An Awful Story

Well, there is always a story to find, especially in the summarization of long-form documents. This is a follow-on to a previous article on Old School Summarization using LLMs and TF-IDF. Previously, we leveraged the Fable Forge, an author-assist tool under development designed to analyze long-form text documents.

But what about CRM datasets?

Where do we find them, and how do we start? The beauty of paying taxes is that government agencies produce massive amounts of data, publishing it for consumption. Despite calls to displace the Deep State, there is an undeniable value in transparency. The challenge is knowing where to find use cases of interest and sorting through what’s provided.

The Consumer Financial Protection Bureau (CFPB), which manages the Consumer Complaint Database (CCDB), was created as part of the Dodd-Frank Wall Street Reform Act. This entity has faced numerous legal challenges—many large banks have supported these suits, particularly centered on mortgage lending, credit reporting, and consumer protection rules. We’re not stepping into these political waters, at least not intentionally.

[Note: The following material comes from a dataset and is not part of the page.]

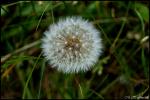 Pusteblume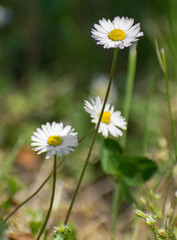 white flowers in the field. Chamomile flowers on the meadow.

But the dataset is immense. Again, did we mention it was freely available? Yeah, we did.

Here, consumer complaints are published only after the company responds, confirming a business relationship. However, the database is not a statistical sample of all consumer experiences. Obviously, the sentiment is skewed because, well, these are complaints. Ultimately, it gives insights into problems with consumer experiences. Politicians and agencies can choose to use this feedback or not. Either way, it’s our tax dollars in action.

Acropolis Photo Altered With An Image Generator To Resemble A Bank

In pulling the data, we grabbed a snapshot starting in 2023 to the present. For reference, any person or organization can take the time machine back to 2011. Consumer complaints have been on the rise since COVID—the CFPB highlights these trends in their annual reports. These are infuriating. Cheating and stealing are prevalent, along with widespread consumer frustration.

For analysis, we took thousands of entries and converted them to raw text. A Python script reviewed each, converting it into a paragraph. This collection of paragraphs was subsequently compiled into a text file. It’s still raw and unfiltered, similar to the government reports highlighted in the previous article.

Then, the Fable Forge sorted using a TF-IDF document comparison method. It’s fast. But note, this dataset is immensely larger than the previous—hundreds of thousands of entries.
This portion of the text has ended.